53. Somut başvuruda daAnayasa Mahkemesinin görevi, usul kurallarının uygulanması konusunda derece mahkemelerinin takdir ve değerlendirmelerini denetlemek olmayıp usule ilişkin uygulamaların, başvurucunun Anayasa ve Avrupa İnsan Hakları Sözleşmesi'nde (Sözleşme/AİHS) güvence altına alınan hakları yönünden, bir ihlal oluşturup oluşturmadığının ortaya konulabilmesidir.
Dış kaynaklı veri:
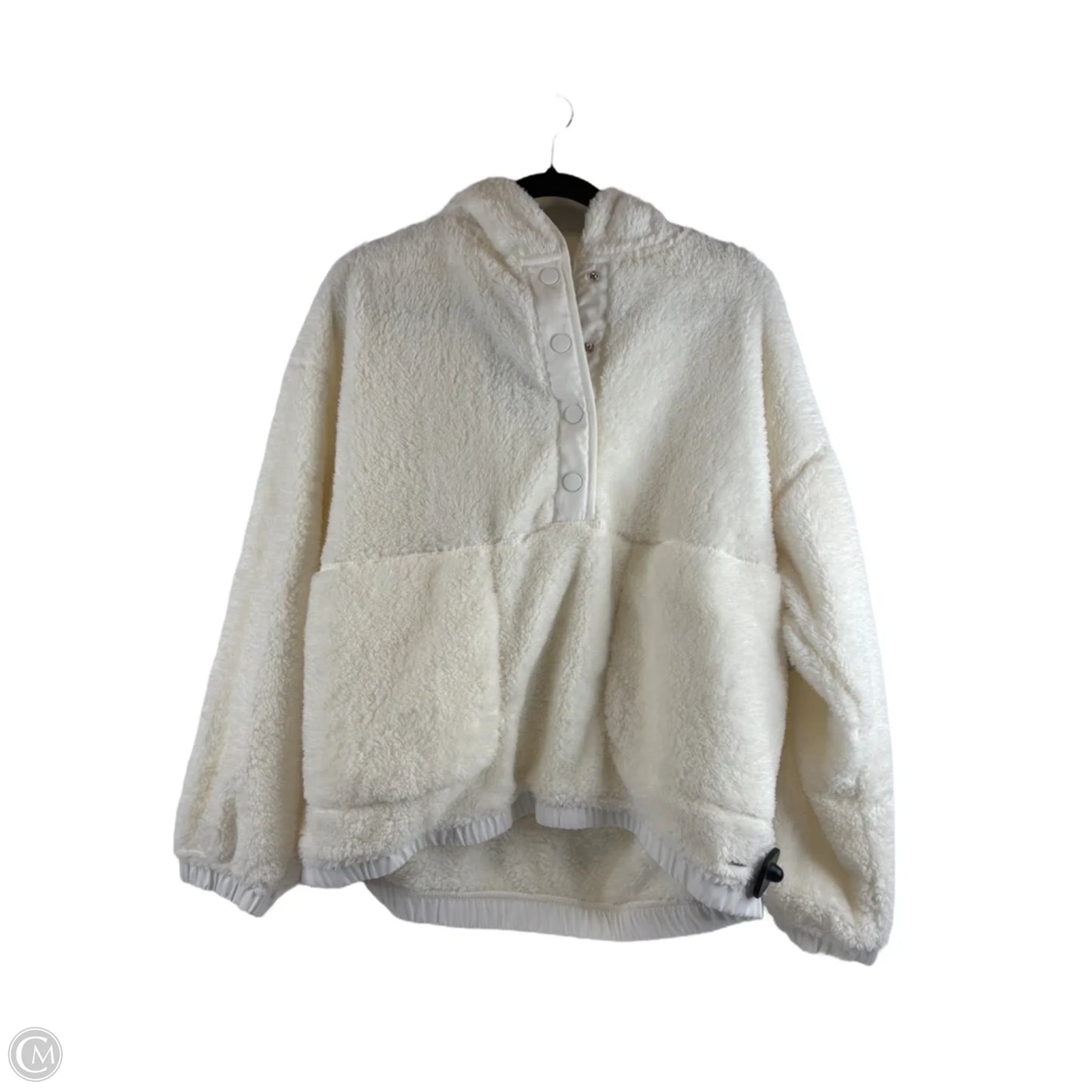 Jacket Faux Fur & Sherpa By Eddie Bauer In Ivory, Size: L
Bu bağlamda usul kurallarının, hukuki güvenliğin sağlanması ve yargılamanın düzgün bir şekilde yürütülmesi sonucu adaletin tecelli etmesine hizmet etmesi gerekmektedir.

54. Avrupa İnsan Hakları Mahkemesi (AİHM) de bu konuda, usul kurallarına yönelik iç hukuk düzenlemelerinin yorumlanmasında başlıca görevin ulusal makamlarda olduğu, bu bağlamda kendisinin yerel mahkemelerin yerini alamayacağı ve buradaki rolünün yalnızca iç hukuk kurallarının yerel mahkemelerce yorumlanmasının ortaya çıkardığı sonucun Sözleşme ile olan uyumunu saptamak ile sınırlı olduğu görüşlerinibenimsemektedir (Brualla Gomez De La Torre/İspanya, B. No: 26737/95, 19/12/1997, § 31; Péréz De Rada Cavanilles/İspanya, B. No: 28090/95, 28/10/1998, § 43).
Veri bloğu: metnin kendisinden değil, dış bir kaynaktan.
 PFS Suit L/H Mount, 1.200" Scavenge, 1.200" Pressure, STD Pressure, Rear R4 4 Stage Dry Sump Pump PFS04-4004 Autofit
55. Somut olayda Bakırköy 6. Asliye Hukuk Mahkemesi yürüttüğü yargılama kapsamında 18/7/2008 tarihli duruşma tutanağından tespit edildiği üzere başvurucunun muvafakatı olmamasına rağmen davalı tarafın tanığını dinlemiş, başvurucunun delil listesinde bildirdiği ancak eksik olan delillerin toplanmasına karar vermiş, yargılamanın ilerleyen aşamalarında resmî kurumlar ile yazışmalar yapmış, dava dosyası ile ilişkili görülen diğerdava dosyalarını incelemiş, tarafların talepleri doğrultusunda üç farklı bilirkişiden raporlar ve ek raporlar aldırmış, söz konusu raporlara ilişkin taraf beyanlarını toplamış ve yargılama sonunda, üçüncü olarak alınan ve ikinci rapor ile aynı doğrultuda olan bilirkişi raporunu gözönüne alarak davanın reddine hükmetmiştir.

56. Başvurucu öncelikle bu süreçte delil listesinin sebepsiz ve usulüne aykırı olarak kabul edilmediğinden şikâyet etmektedir.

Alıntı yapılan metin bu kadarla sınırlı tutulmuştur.